What is needed.
Would you print out all of the data exactly and keep the pictures out of it?

Available data.
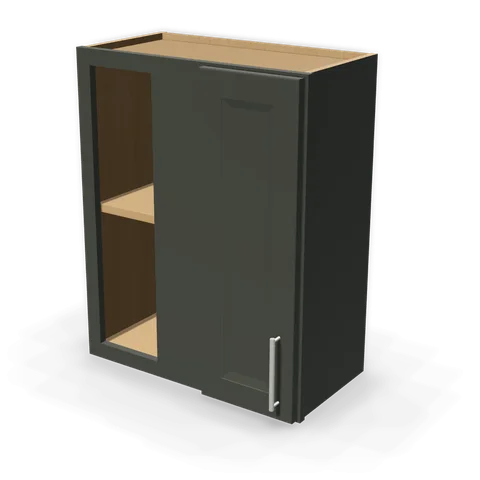 WBC2430 cabinet in Bevel Green, angle view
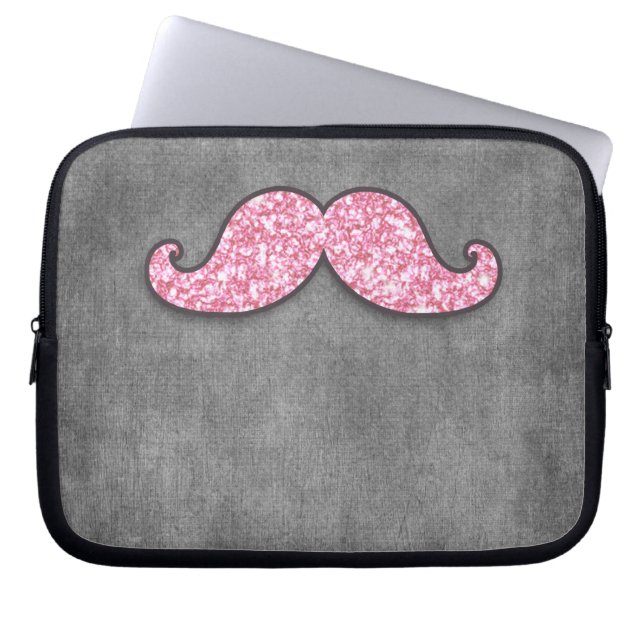 CAPA PARA NOTEBOOK QUADRO DO CINZA DO BIGODE DO BRILHO DO ROSA DO (Frente)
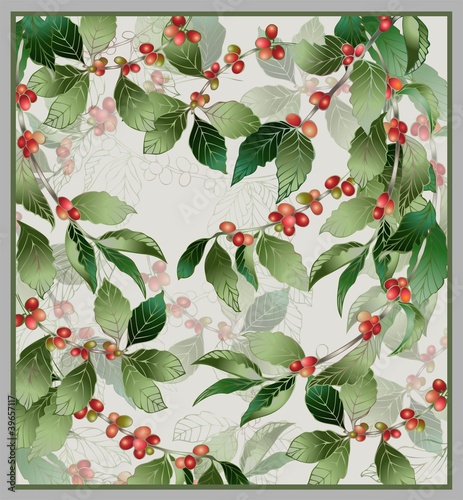 Greeting card with coffe tree.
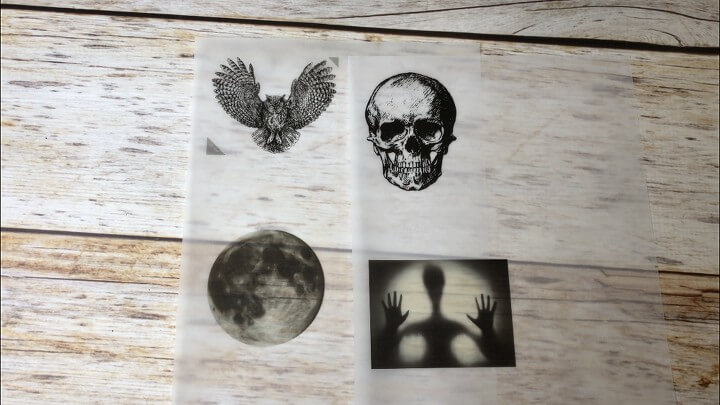I printed out 4 images on Velum paper, let the ink dry, and cut them out.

Final answer.
 WBC2430 cabinet in Bevel Green, angle view
 CAPA PARA NOTEBOOK QUADRO DO CINZA DO BIGODE DO BRILHO DO ROSA DO (Frente)
 Greeting card with coffe tree.
I printed out 4 images on Velum paper, let the ink dry, and cut them out.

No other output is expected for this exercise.